BAYLIS
- 09 Sep 2011 20:23
mnamreh
- 02 May 2012 07:41
- 27 of 80
.
skinny
- 02 May 2012 07:56
- 28 of 80
Indeed!
Financial highlights
§ Sales down 6% to £5,492m
§ Cash gross margin down 7% to £2,027m
§ Robust management of costs with operating and distribution costs broadly flat at £1,930m, with the impact of both underlying cost inflation pressures and the investment in new initiatives having been offset by further cost savings
§ Benchmark operating profit1 down 61% to £98m; Group operating margin of 1.8%
§ Benchmark profit before tax2 down 60% to £102m
§ Basic benchmark earnings per share3 down 59% to 8.7p
§ Closing net cash position at 25 February 2012 of £181m
§ Full-year dividend of 4.7p; no final dividend recommended
§ For the 53 weeks to 3 March 2012, sales down 5% to £5,583m and benchmark profit before tax2 down 54% to £116m. Reported profit before tax of £104m. Reported basic earnings per share of 9.1p. Closing net cash position at 3 March 2012 of £194m. The 53rd week contributed £14m of additional benchmark profit before tax2 and £13m of additional cash.
Oliver Stocken, Chairman of Home Retail Group, commented:
"While the Group's performance in the short term cannot be immune from the economic environment, we continue to focus on its strategic advantages to ensure that it will be well positioned for the economic recovery over the long term. Against this economic backdrop, the Board has decided not to recommend a final dividend this year and therefore the full-year dividend is represented by the interim dividend of 4.7p. Future dividends will be set at a level which is sustainable and which reflects the trading prospects and financial position of the Group."
dreamcatcher
- 15 Jun 2012 17:58
- 29 of 80
Some big-name retailers will release figures this week, starting with an interim management statement from Home Retail Group on Tuesday.
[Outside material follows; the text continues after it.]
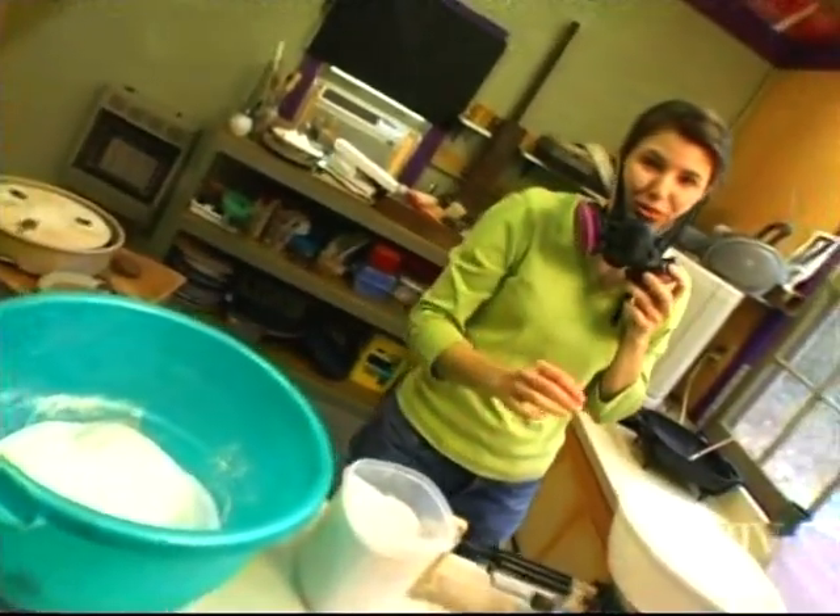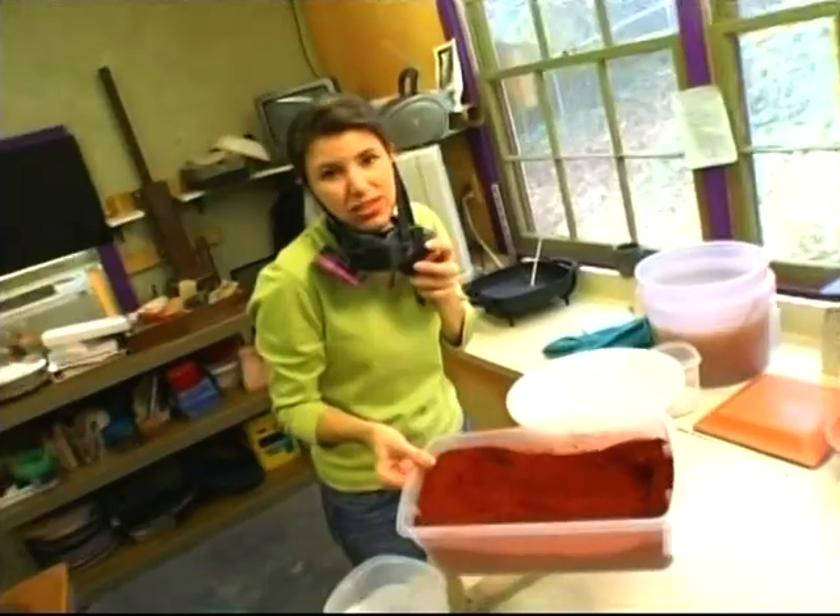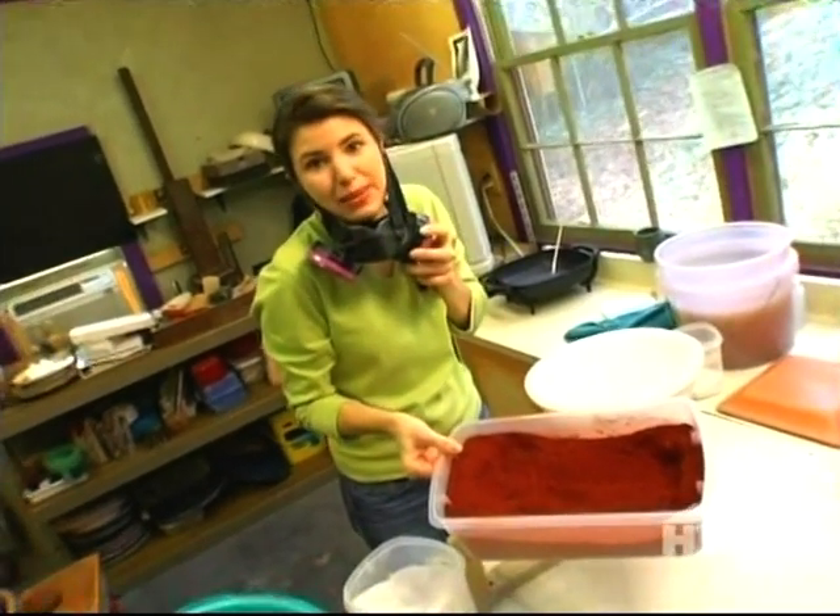Now I need to add the red to actually give it color. This is literally red iron oxide. It's rust, folks — rust. So when you have rusty pipes, just save it.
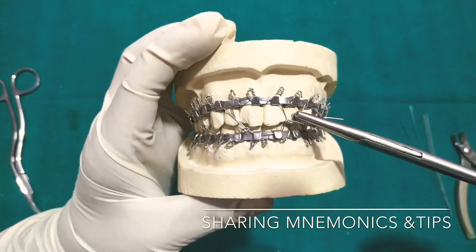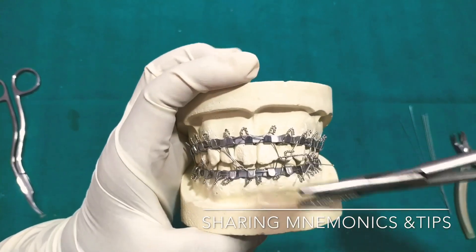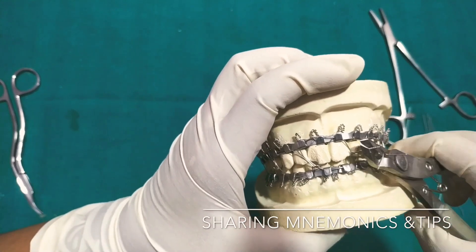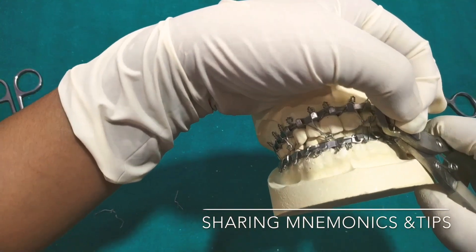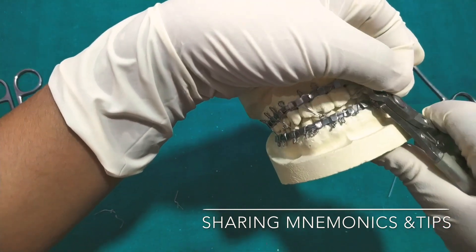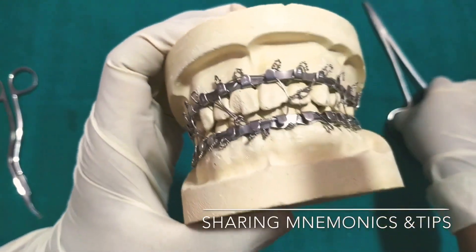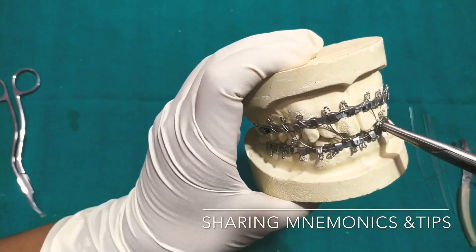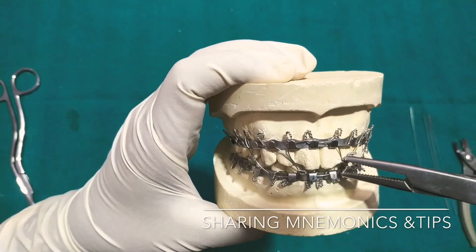You need to remember one thing: whenever you cut the wire, always hold it on this side — you can see in the video, I am holding it with my fingers — otherwise it's going to scatter here and there. Sometimes it's going to scatter into your eyes or your assistant's eyes, so it's very important to hold it. In my previous videos I haven't held it because it's just a cast, but when it's a patient, you cannot do that.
Home Retail, which owns the well-known Argos and Homebase outlets, released a pretty dreadful set of full-year results last month, and canceled its final dividend.
To add to trading woes, the company's managers decided to spend lots of cash on a share buyback in the hope of boosting the share price, but the timing proved disastrous as the price carried on sliding. The slump has seen the shares fall from a 2009 peak of 329p to just 72p today. Recovery investors will be looking for signs that the bottom might have been reached.
dreamcatcher
- 17 Jun 2012 20:56
- 30 of 80
Tuesday June 19 =
Quarterly trading is expected to pretty terrible for Home Retail group , which owns Argos and Homebase. The DIY and garden retailer is likely to have been hit very hard by the terrible April weather, which knocked its rival B&Q for six earlier this month. Trading at Argos is unlikely to have turned around, though analysts hope that a small increase in television sales ahead of the summer of sport might have helped a little. JP Morgan is forecasting that like-for-like sales at Argos will have fallen by 5pc and at Homebase by 8pc.
dreamcatcher
- 19 Jun 2012 07:06
- 31 of 80
Home Retail Group plc
Interim Management Statement
Home Retail Group, the UK's leading home and general merchandise retailer, today publishes an Interim Management Statement covering the 13 weeks from 4 March to 2 June 2012.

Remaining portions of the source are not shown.